Your goal: Copy exactly, please, each line of the data below until the line that contains "Vente maison 4 pièces Saint-Loup-Lamairé 79" has been copied, beginning at the top.

Stored entries
____

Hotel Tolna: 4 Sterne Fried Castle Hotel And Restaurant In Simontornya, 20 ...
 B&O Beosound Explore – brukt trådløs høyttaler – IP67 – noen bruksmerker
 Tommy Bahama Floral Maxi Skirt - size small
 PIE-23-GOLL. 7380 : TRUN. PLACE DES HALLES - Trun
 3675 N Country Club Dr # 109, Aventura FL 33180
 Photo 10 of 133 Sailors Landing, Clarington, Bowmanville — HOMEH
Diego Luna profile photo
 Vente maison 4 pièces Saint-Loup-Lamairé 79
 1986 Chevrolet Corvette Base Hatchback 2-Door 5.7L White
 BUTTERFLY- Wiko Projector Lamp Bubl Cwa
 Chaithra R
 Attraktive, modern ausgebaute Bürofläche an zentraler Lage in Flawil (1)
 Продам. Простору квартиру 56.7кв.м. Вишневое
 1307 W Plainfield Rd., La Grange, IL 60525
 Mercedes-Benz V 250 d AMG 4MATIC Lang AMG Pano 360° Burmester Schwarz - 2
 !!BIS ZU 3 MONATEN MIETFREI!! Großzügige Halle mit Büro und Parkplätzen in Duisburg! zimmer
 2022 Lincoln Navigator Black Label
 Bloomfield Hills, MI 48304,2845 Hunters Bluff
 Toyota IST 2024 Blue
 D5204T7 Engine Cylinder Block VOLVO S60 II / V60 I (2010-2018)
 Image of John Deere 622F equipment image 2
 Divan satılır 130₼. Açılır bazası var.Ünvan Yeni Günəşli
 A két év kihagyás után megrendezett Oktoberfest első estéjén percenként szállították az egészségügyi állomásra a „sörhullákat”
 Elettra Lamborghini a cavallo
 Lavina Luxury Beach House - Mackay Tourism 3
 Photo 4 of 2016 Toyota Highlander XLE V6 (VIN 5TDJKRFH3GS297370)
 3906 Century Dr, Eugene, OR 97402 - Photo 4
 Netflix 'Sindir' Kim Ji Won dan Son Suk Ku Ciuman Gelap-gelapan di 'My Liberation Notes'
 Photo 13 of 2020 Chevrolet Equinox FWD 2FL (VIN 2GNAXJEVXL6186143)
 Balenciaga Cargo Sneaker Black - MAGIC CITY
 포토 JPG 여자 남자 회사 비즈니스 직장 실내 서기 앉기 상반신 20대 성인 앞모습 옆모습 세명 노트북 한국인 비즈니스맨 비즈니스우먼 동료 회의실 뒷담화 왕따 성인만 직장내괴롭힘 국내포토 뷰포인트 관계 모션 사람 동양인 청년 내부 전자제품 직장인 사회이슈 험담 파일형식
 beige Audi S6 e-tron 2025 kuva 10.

____

Response to this task:
Hotel Tolna: 4 Sterne Fried Castle Hotel And Restaurant In Simontornya, 20 ...
 B&O Beosound Explore – brukt trådløs høyttaler – IP67 – noen bruksmerker
 Tommy Bahama Floral Maxi Skirt - size small
 PIE-23-GOLL. 7380 : TRUN. PLACE DES HALLES - Trun
 3675 N Country Club Dr # 109, Aventura FL 33180
 Photo 10 of 133 Sailors Landing, Clarington, Bowmanville — HOMEH
Diego Luna profile photo
 Vente maison 4 pièces Saint-Loup-Lamairé 79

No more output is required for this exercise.